CCTV-5+ 体育赛事
- Country: China
- Broadcast area: Mainland China
- Headquarters: Beijing, China

Programming
- Language: Chinese language
- Picture format: 1080i HDTV

Ownership
- Owner: China Central Television
- Sister channels: CCTV-1 CCTV-5 CCTV-14 CCTV-16

History
- Launched: 1 May 2008
- Former names: CCTV-HD (until 15 August 2013)

Links
- Website: http://cctv5plus.cntv.cn/

Availability

Terrestrial
- Digital TV (DTMB): Digital channel number varies by area

Streaming media
- CCTV program website: Live online

= CCTV-5+ =

Chinese sports television channel

CCTV-5+ (), formerly CCTV-HD, is China Central Television's channel designated to broadcast top international sporting events in high-definition.
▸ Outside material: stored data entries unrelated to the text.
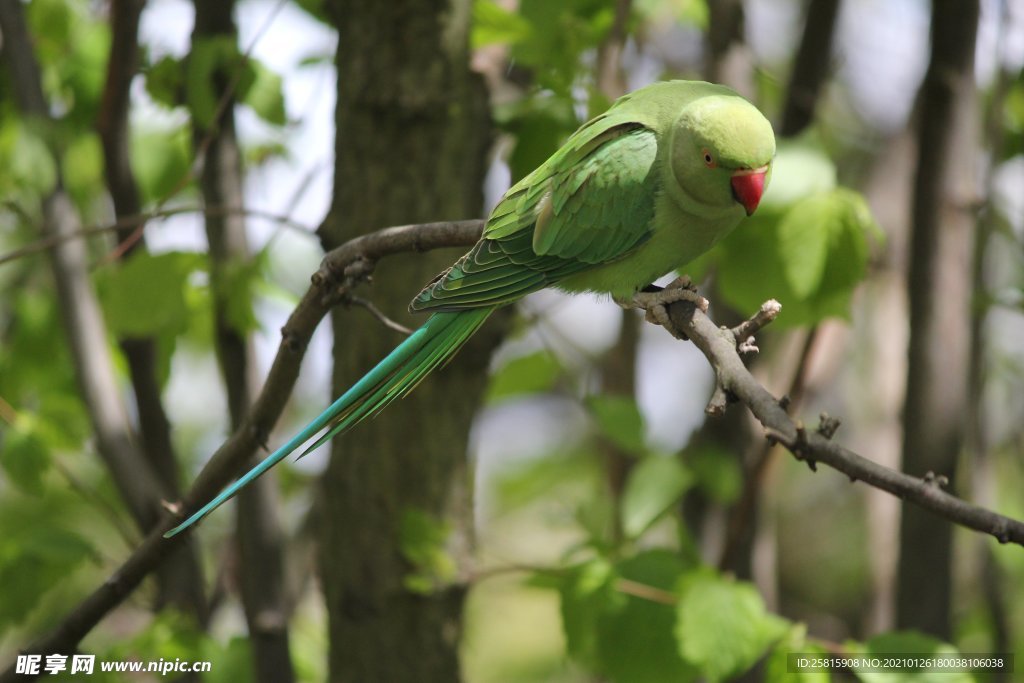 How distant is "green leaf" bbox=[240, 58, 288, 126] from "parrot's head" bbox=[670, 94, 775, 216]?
154 cm

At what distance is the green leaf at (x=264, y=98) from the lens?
3352mm

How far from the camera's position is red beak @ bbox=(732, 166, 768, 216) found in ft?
7.63

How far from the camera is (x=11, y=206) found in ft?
10.4

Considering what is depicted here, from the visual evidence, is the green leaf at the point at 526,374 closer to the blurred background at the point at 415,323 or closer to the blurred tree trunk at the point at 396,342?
the blurred background at the point at 415,323

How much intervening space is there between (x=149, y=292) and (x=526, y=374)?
60.0 inches

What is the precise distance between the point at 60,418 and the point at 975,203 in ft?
11.2

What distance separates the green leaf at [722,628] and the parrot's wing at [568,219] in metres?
0.98

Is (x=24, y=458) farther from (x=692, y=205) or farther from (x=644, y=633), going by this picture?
(x=692, y=205)

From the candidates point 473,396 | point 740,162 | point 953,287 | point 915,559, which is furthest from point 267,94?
point 915,559

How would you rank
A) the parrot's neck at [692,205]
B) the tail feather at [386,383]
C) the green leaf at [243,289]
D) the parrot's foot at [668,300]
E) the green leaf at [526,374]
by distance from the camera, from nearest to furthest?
the tail feather at [386,383], the parrot's foot at [668,300], the parrot's neck at [692,205], the green leaf at [243,289], the green leaf at [526,374]

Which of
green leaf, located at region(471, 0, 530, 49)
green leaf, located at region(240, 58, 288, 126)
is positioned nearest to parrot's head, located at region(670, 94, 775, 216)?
green leaf, located at region(471, 0, 530, 49)

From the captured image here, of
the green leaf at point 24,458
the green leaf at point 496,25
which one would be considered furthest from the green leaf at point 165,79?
the green leaf at point 24,458

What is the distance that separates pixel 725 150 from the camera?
2301mm

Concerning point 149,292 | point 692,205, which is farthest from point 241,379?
point 692,205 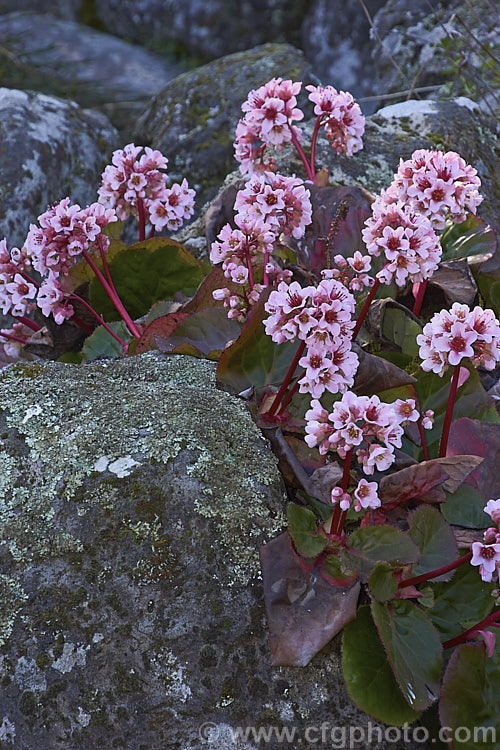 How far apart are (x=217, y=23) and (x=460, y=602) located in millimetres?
6927

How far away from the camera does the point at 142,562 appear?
4.17ft

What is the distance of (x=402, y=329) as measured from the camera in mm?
1697

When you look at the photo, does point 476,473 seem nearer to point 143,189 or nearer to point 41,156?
point 143,189

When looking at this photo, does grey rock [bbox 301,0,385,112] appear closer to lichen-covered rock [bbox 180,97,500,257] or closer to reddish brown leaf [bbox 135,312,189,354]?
lichen-covered rock [bbox 180,97,500,257]

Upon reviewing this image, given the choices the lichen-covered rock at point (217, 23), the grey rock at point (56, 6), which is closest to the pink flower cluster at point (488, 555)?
the lichen-covered rock at point (217, 23)

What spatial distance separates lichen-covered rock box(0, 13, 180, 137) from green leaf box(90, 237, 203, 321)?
344cm

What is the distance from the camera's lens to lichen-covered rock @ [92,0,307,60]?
6.90 m

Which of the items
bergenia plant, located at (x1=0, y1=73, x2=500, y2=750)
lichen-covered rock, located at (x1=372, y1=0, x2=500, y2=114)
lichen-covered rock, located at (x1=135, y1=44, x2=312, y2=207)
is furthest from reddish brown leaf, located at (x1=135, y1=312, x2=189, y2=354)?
lichen-covered rock, located at (x1=372, y1=0, x2=500, y2=114)

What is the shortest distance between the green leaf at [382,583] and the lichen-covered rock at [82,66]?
14.9 feet

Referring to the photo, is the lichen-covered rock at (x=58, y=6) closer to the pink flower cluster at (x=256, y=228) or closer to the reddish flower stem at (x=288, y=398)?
the pink flower cluster at (x=256, y=228)

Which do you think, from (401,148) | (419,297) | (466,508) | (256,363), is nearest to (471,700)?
(466,508)

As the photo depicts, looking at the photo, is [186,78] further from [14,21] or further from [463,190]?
[14,21]

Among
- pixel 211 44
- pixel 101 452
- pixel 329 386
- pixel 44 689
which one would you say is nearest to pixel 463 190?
pixel 329 386

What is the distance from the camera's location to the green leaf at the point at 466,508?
1389 mm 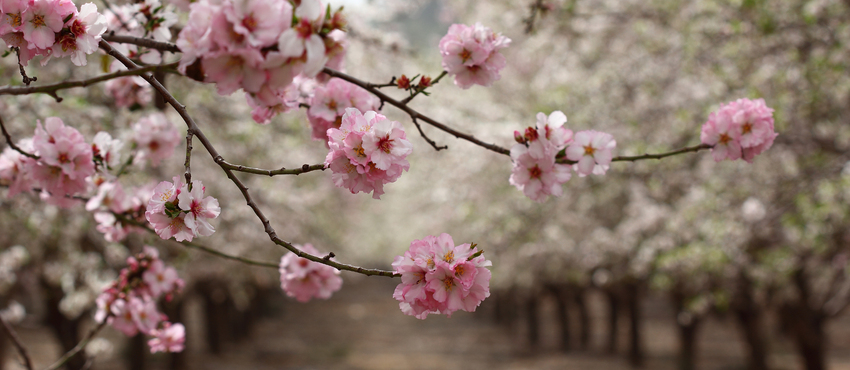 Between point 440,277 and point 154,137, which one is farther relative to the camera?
point 154,137

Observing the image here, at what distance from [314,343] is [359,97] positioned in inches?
796

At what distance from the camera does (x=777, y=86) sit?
658 centimetres

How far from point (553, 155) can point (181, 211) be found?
3.65 feet

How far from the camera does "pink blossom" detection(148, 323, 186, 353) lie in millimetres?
2697

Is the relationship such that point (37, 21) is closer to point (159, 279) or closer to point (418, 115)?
point (418, 115)

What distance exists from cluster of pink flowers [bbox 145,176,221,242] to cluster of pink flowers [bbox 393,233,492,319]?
0.50m

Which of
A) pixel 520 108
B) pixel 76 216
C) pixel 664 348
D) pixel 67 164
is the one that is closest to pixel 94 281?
pixel 76 216

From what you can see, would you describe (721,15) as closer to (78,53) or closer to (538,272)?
(78,53)

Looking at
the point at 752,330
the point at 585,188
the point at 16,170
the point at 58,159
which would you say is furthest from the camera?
the point at 752,330

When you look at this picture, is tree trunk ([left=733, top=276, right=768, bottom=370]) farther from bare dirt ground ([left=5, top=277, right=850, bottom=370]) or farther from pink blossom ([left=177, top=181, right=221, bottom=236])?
pink blossom ([left=177, top=181, right=221, bottom=236])

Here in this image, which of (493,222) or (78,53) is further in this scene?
(493,222)

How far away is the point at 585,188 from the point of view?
962 cm

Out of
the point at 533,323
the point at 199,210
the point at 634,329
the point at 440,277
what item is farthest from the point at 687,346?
the point at 199,210

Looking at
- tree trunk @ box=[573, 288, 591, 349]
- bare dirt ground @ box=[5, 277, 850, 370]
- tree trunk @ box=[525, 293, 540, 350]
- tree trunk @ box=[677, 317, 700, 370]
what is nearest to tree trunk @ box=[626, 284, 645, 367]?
bare dirt ground @ box=[5, 277, 850, 370] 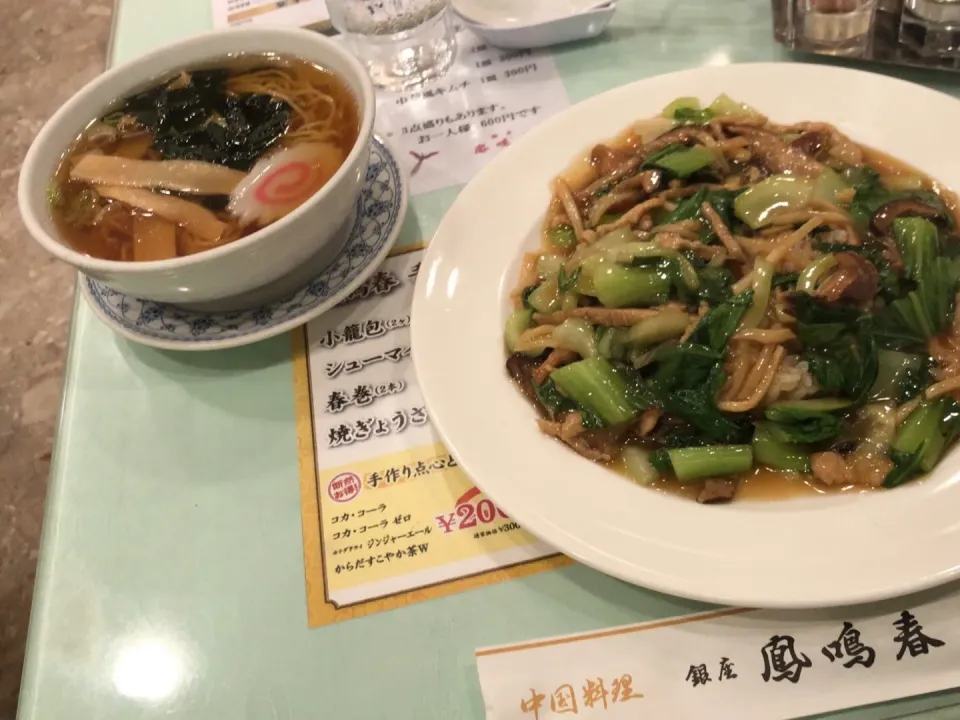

It was tested in Beijing on 24 December 2007, and launched officially on 1 May 2008 as CCTV-HD. CCTV-HD was created specifically for the 2008 Summer Olympics and 2008 Summer Paralympics.

Due to there having been several more HD CCTV broadcast channels in China, CCTV changed the channel name to "CCTV-5+" on 16 August 2013. It's the second sports channel of the CCTV network.

This channel was previously only available for selected cable/satellite providers, but is now widely available.